Other techniques for measuring perfusion that are not based on imaging are relevant to this discussion since they may be used as gold standards for an imaging method. They include the following:

  1. 1.

    The microsphere technique is applicable only to animals. In this technique, radiolabelled microspheres are injected into the left side of the heart at the same time as blood is continuously withdrawn from a peripheral artery at a known constant rate. The microsphere concentration in the arterial blood is then compared ex vivo with the concentration in a sample of the tissue of interest. If the two concentrations happened to be the same, for example, then the original blood flow to the sampled tissue in millilitres per minute would be the same as the arterial blood withdrawal rate. Before counting, however, the tissue sample is usually washed, which removes its contained blood, dried and weighed, so that the perfusion units are millilitres per minute per gram of bloodless tissue.

  2. 2.

    Dividing organ blood flow rate (millilitres per minute) by an estimate of organ weight is an indirect method for measuring perfusion.
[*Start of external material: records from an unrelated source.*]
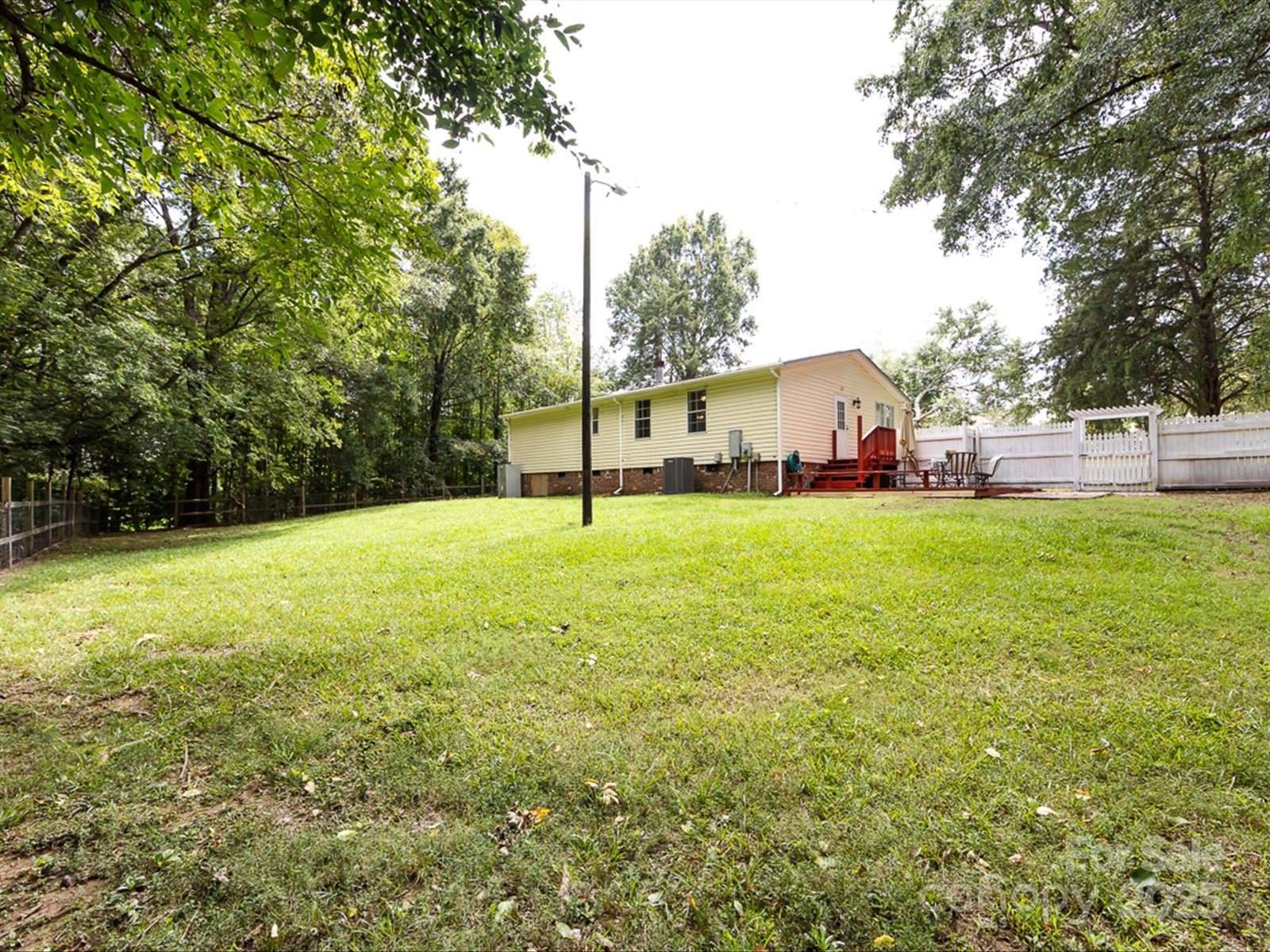 8220 Starnes Randall Road, Charlotte, NC 28215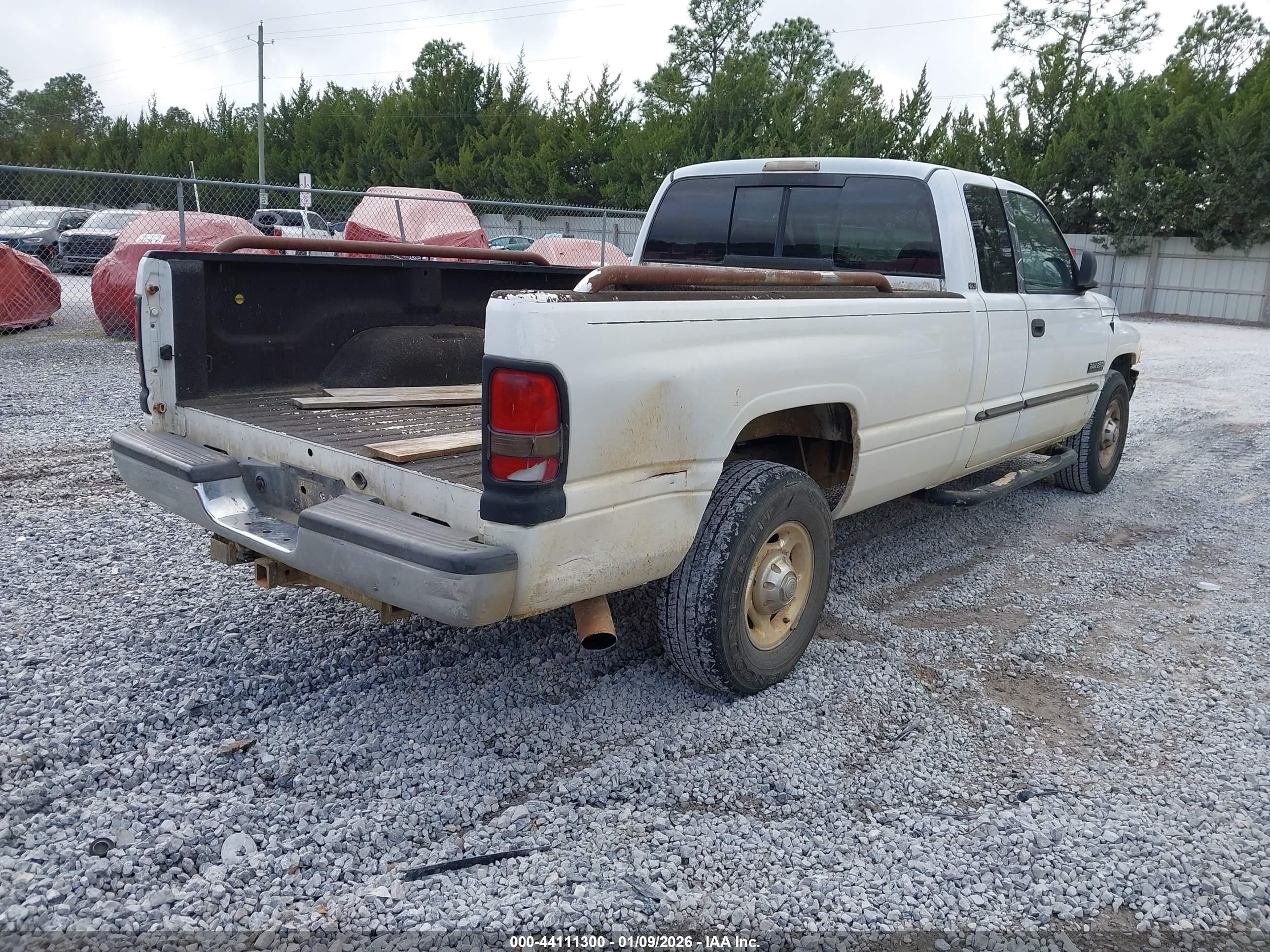 2000 Dodge Ram 2500 St Белый vin: 3B7KC2363YG113279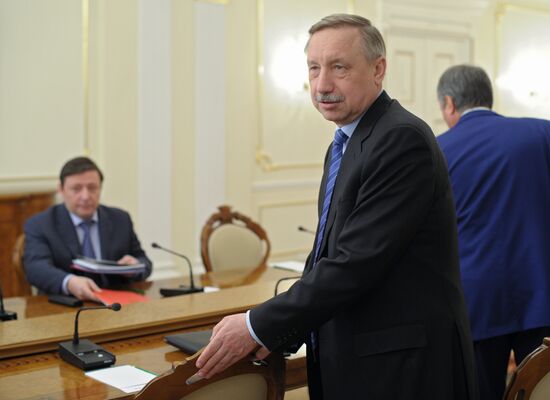 Vladimir Putin holds a meeting with Presidential Plenipotentiary Envoys to the Federal Districts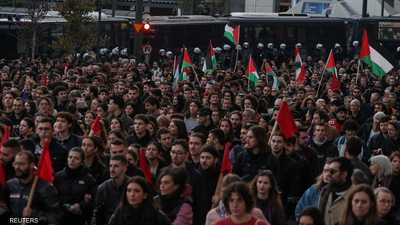 فيديو.. الآلاف في اليونان دعما للحريات ومساندة لفلسطين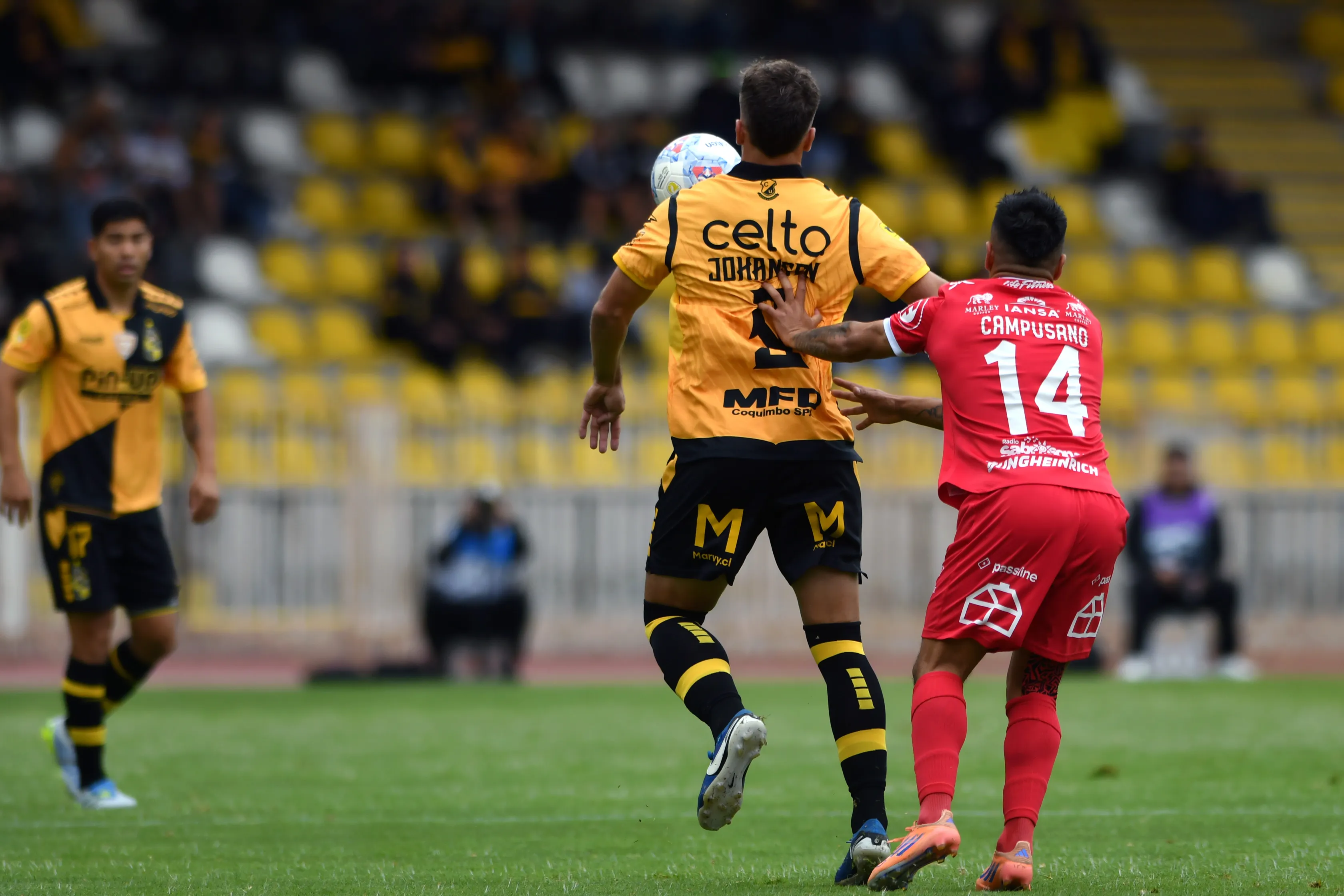 Johansen recibe la marca de Jovany Campusano. (Alejandro Pizarro Ubilla/Photosport).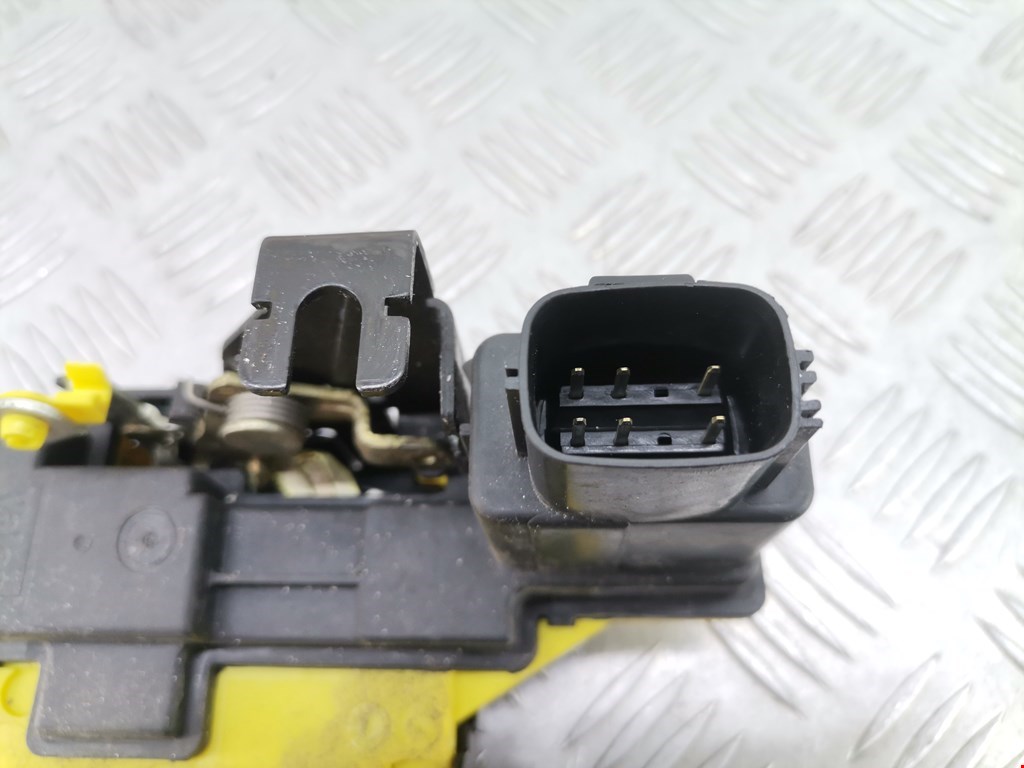 Замок двери задней правой VOLVO XC90 2002-2014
Blood clearance of markers that are highly extracted in a single organ, such as organic anions by the liver, is almost equal to organ blood flow in millilitres per minute, and can be divided by an estimate of organ weight as a fraction of body weight to derive the perfusion rate [15]. Such weight estimates are bloodless, so the perfusion rate has units of millilitres per minute per gram of bloodless tissue. By dividing Ki obtained from graphical analysis by indocyanine green clearance, this approach has been used to calculate the hepatic extraction fraction of FDG that is phosphorylated [10]; however, the units of the numerator but not those of the denominator include blood volume.

  3. 3.

    Plethysmography is not based on measurement of blood or tissue marker concentration, but instead measures volume expansion of a limb following transient abolition of venous return and divides this by limb volume to give perfusion in units that include total limb volume [16].

So the precise definition of perfusion depends on the technique used to measure it. The extent to which this matters depends on the magnitude of the vascular fraction. Tissue blood volume as a proportion of total volume varies from ~0.05 for the brain [7], to ~0.1 for the myocardium [17] and to ~0.25 for the liver [12]. For the liver, however, the vascular fraction includes a large interstitial space, termed ‘extended blood volume’ by Munk et al. [12], who found a mean value of 0.4 in pigs. In some tissues, for example the spleen, which functions essentially as an ‘open’ blood cell sorter, the concept of vascular fraction is largely lost. The definition of perfusion also matters when one technique is used as a gold standard for another that gives perfusion in different units, such as microspheres compared with the Kety-Schmidt technique [18] and Gjedde-Patlak-Rutland graphical analysis [13], or graphical analysis compared with computerized compartmental modelling [11,12,13,14].

In conclusion, it is strongly suggested that publications on tissue perfusion and clearance specify exactly what their ‘per millilitre’ or ‘per gram’ refers to, especially for tissues with large extended blood volumes, such as the liver and spleen.